Bosnia Fact Sheet: The Road to the Dayton Peace
Agreement

Updated and released by the Bureau of Public Affairs, December 6, 1995


  • The international community is united it its desire to see the Balkan conflict resolved at the negotiating table. The United Nations (UN), the European Union (EU), and other nations, acting separately and in groups, have attempted to resolve the Balkan conflict through negotiations since it began in 1991.
  • In October 1992, European Union mediator Lord David Owen and UN mediator and former U.S.Secretary of State Cyrus Vance proposed a draft constitution organizing Bosnia into a decentralized federation.This became known as the "Vance-Owen" plan
  • In February 1993, President Clinton, at the beginning of his Administration, named the first U.S.special envoy to UN-EU joint negotiations, Ambassador Reginald Bartholomew.
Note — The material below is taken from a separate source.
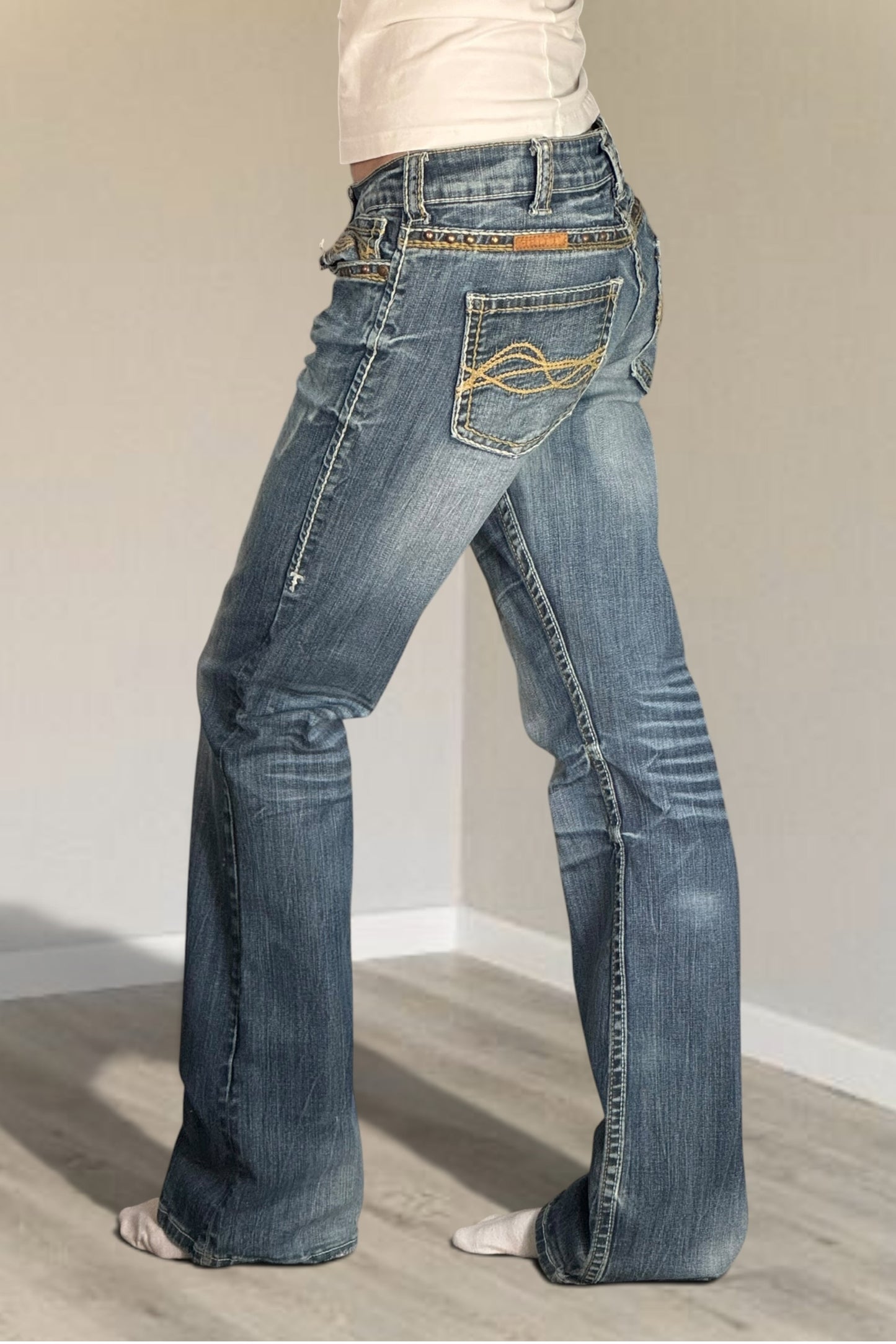 Lågmidjade jeans stl: S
In May 1993, U.S. efforts helped gain the parties' agreement to the Vance-Owen plan, but the Bosnian Serbs subsequently renounced the accord.
  • In early 1994, with UN-EU efforts bogged down, the United States decided to undertake more active involvement, seeking to back diplomacy with the threat of   NATO air power in protecting safe areas and UN peacekeepers.
  • In March 1994, the new United States special envoy, Ambassador Charles Redman, and other U.S. officials led negotiations between Bosnia's Muslims and Croats which resulted in a cease-fire, the formation of a bi-communal Federation, and improved relations with neighboring Croatia.
  • Later in the spring of 1994, the United States, Russia, Britain, France, and Germany established a five-nation Contact Group, with the goal of brokering a settlement between the Federation and Bosnian Serbs.  The Contact Group based its efforts on three principles:

 

1.

Bosnia would remain a single state;

 

2.

That state would consist of the Federation and a Bosnian Serb entity;

 

3.

These two entities would be linked via mutually-agreed constitutional principles, which would also spell out relationships with Serbia and Croatia proper.
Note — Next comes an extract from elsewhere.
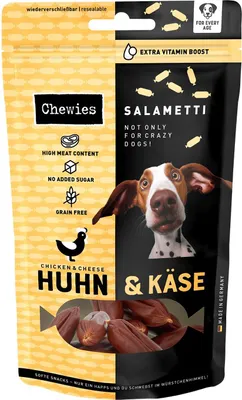 Produktbild von Chewies® SALAMETTI Huhn mit Käse 200g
  • In July 1994, the Contact Group put forward a proposed map presenting a 51/49 percent territorial compromise between the Federation and Bosnian Serbs. The Bosnian, Croatian, and Serbian Governments all accepted the proposal. The Bosnian Serbs repeatedly rejected it. However, all of its key principles were accepted as the basis for negotiations at the November 1995 proximity peace talks in Dayton.